That’s not just because the Laines are chock-full of folk who’ve decided to eschew the main hall and the official fringe for the delights of Momentum’s World Transformed events, which really are, it should be said, every bit as packed and as popular as the organisation (many of whose key people are Sussex University graduates, incidentally) claims.

It’s also because so many of those who’ve chosen to attend #Lab17 – a lot of them for the first time – look and sound like the kind of people who anybody familiar with the studenty/boho bits of Brighton (as opposed to, say, the city’s Whitehawk estate) will have seen in their coffee bars and retro shops. They’re caring; they’re concerned; they’re outraged; they believe another world is possible – and many of them are already living in it.

Little wonder, perhaps, that a grumpy Blairite friend of mine who’s been coming to conference for decades tells me he hardly recognises it (or indeed anyone) anymore – apart, that is, from a handful of hard-left activists he thought he’d seen off in the 1980s.

Speaking as someone who’s been to a few Green Party conferences, he’s stretching it when he says this is like one of them. Contrary to what you might read in the right-wing tabloids, there are a fair few quote-unquote “normal” folk around. And there are still a few young thrusters roaming around in suits, even if most of them are lobbyists and journos – oh, and trade unionists, who are still very much a moving presence here.

But that Blairite friend is right when he says – as columnists including Owen Jones (very much up for it) and Marie Le Conte (not quite so sure) have noted – that, even if he still belongs to the party, the party no longer belongs to him.

It’s going to stay like that for a while. The left currently controls many of the big unions. Moreover, unlike the early eighties, they can boast about a general election result which convinces many in the party that Labour can win it next time round.

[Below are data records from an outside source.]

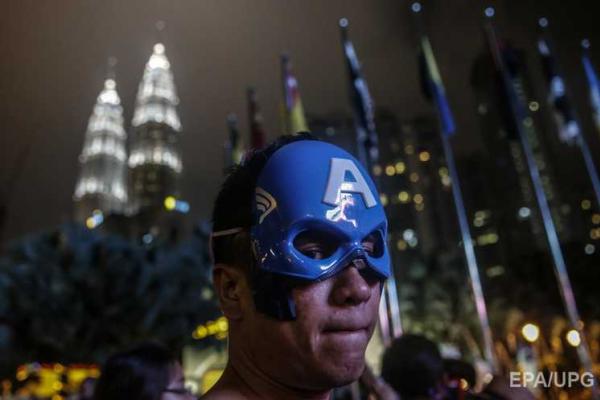 Артисты из разных уголков мира приехали на Международный фестиваль масок в Малайзию Артисты из разных уголков мира приехали на Международный фестиваль масок в Малайзию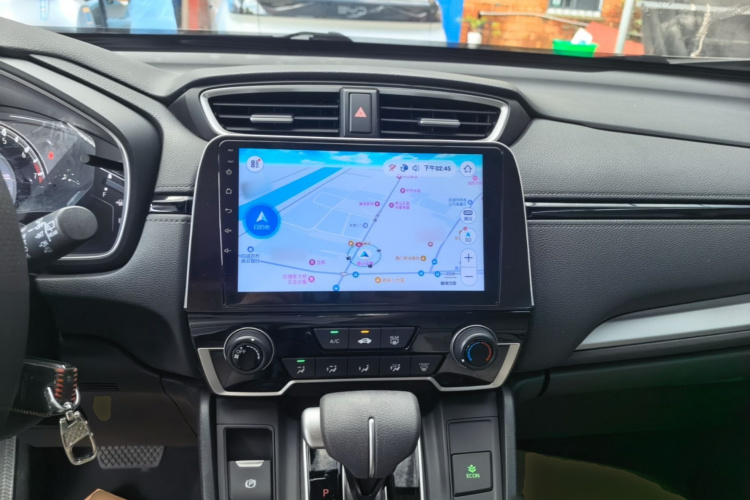 Honda CR-V 2019 #10 Honda CR-V 2019 car image #10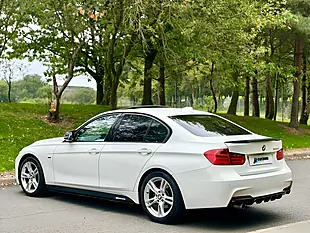 Used 2013 BMW 3 Series M Sport White - Interior and Exterior details 7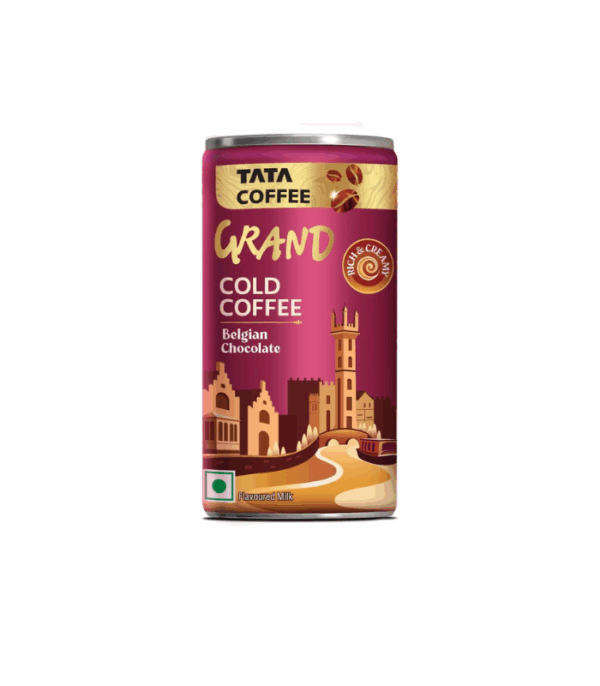 Tata Grand Belgian Chocolate Cold Coffee 180 mL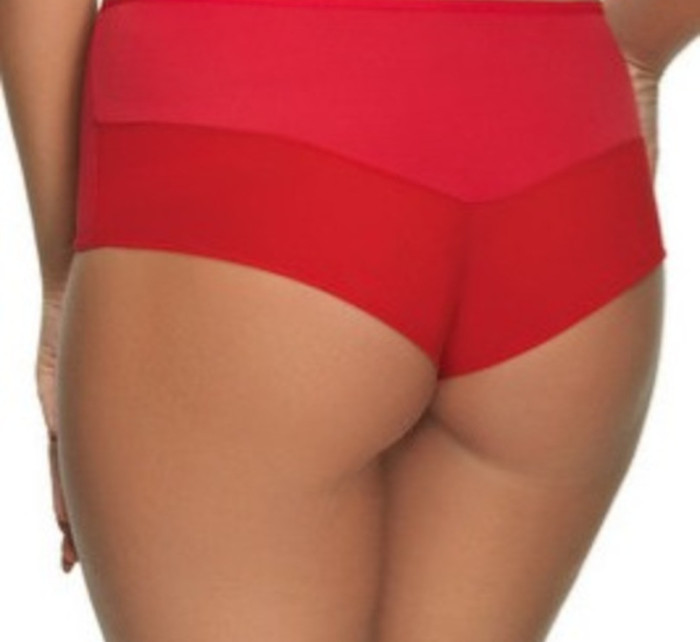 Dámské kalhotky brazilky PARADISE K498 červené
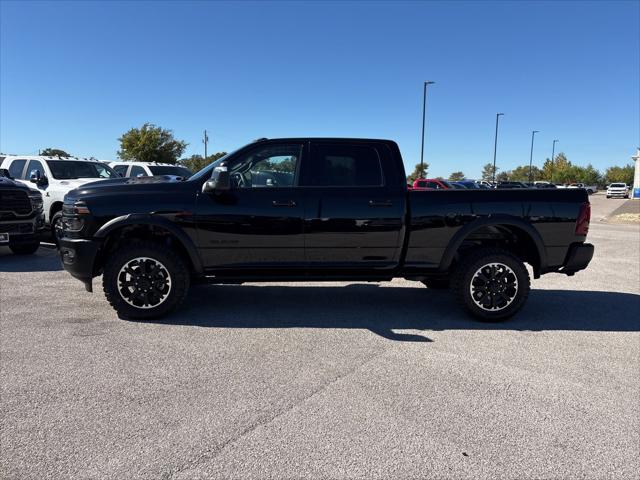 2025 RAM Ram 2500 RAM 2500 REBEL CREW CAB 4X4 64 BOX 2025 RAM Ram 2500 RAM 2500 REBEL CREW CAB 4X4 64 BOX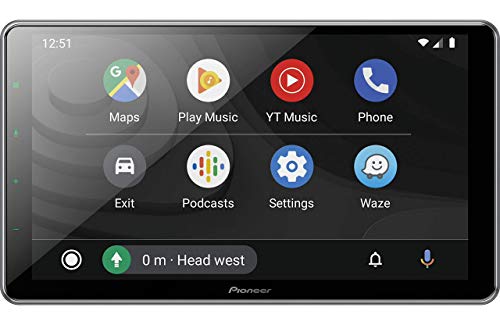 Reproductor Digital Pioneer DMH-WT8600NEX 10.1 pulgadas miniatura 4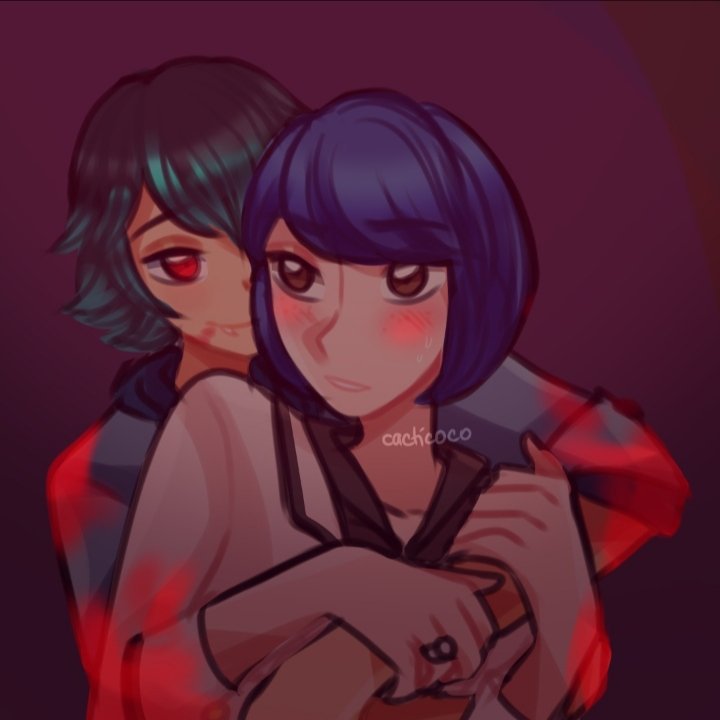 Luka X Kagami || MAST | Wiki | Miraculous Amino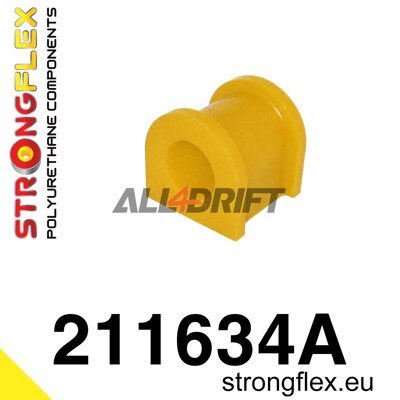 211634A : Silent bloc de barre stabilisatrice arrière SPORT - Toyota IV (93-02) A80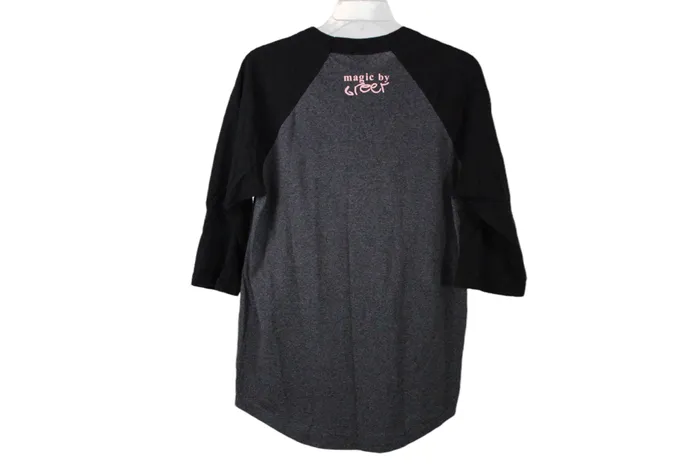 Necklaces Shaka Be Awesome Baseball Tee M Shaka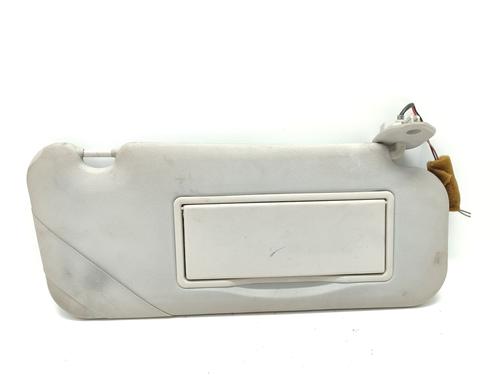 Right sun visor CITROËN C5 I (DC_) 2.0 16V (DCRFNC, DCRFNF) | BP29880459I2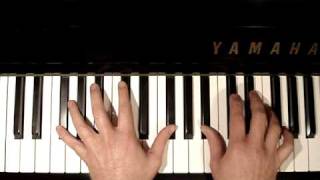 Layla Derek And The Dominoes Piano (C#) slow tutorial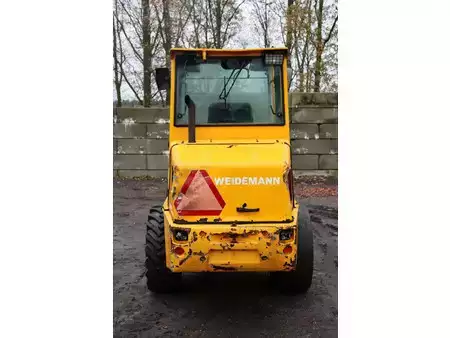 Kolové nakladače 2004 Weidemann P50 2006 (5)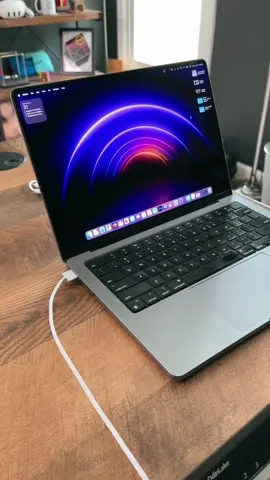This is not your typical USB charging cable. #techtok #techreview #macbookpro #macbook 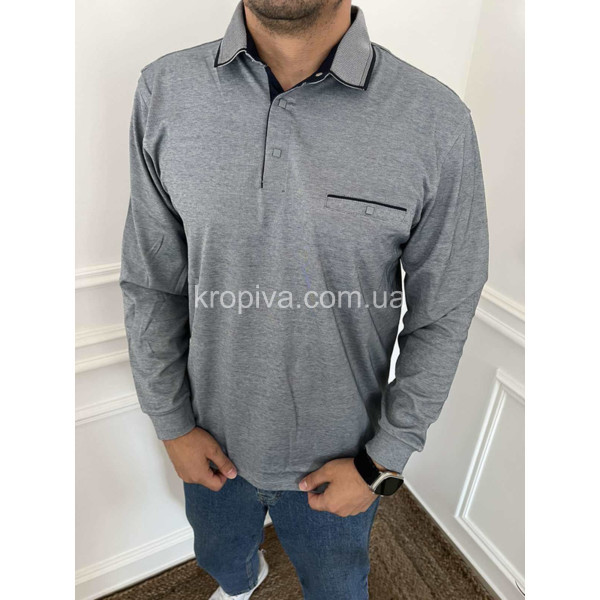 Чоловіче поло норма Туреччина оптом 130226-736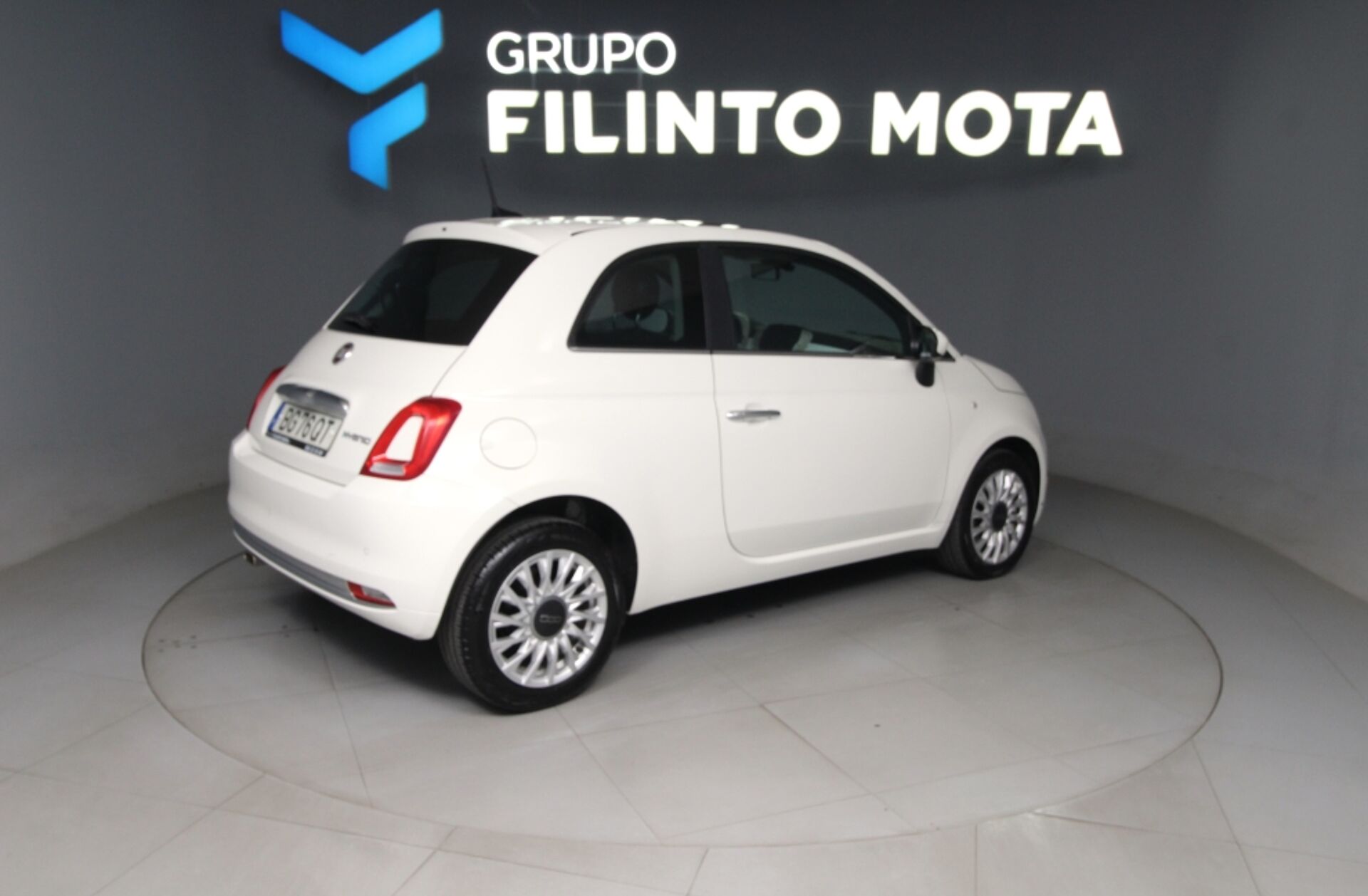 FIAT 500 1.0 Hybrid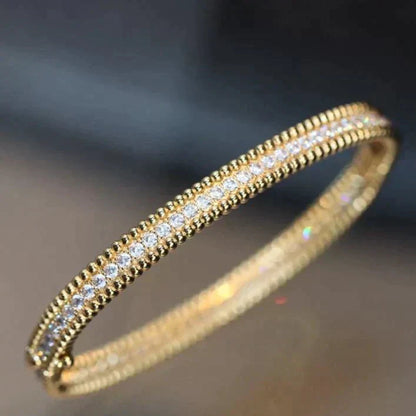 [⭐Spark]PERLEE DIAMONDS BRACELET 1 ROW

And after this conference, the Corbynistas have control of the leadership, the rulebook, the machine and the membership. Yes, the leadership has fudged Brexit – but its followers, who are overwhelmingly Remainers and want to stay in the single market and the customs union, don’t seem, to me anyway, to be prepared to make that much of a fuss about it. Cognitive dissonance? Not so much.

“Is it a cult?”, some ask – especially if they were sitting in the hall as the party leader approached the platform for his closing speech. That’s when adoring delegates, fresh from clapping along to an LGBT choir’s acapella version of “Something Inside So Strong”, stamped their feet as they belted out the now obligatory “Oh, Jeremy Corbyn”. Ironically, perhaps, we’ve not seen the like of it since Margaret Thatcher (the mention of whose name by Corbyn was, naturally, booed and hissed like a panto villain’s) took the Tory conferences of the mid-1980s by storm.

But I’d say no, not a cult. It’s now too big for that. The main hall in Brighton resembled nothing so much as an American mega-church with a congregation of wildly enthusiastic true believers. Whether some of the more agnostic folk going about their daily business outside it – or the voters in constituencies that look nothing like this city and never will do – can be made to share that enthusiasm remains, of course, to be seen.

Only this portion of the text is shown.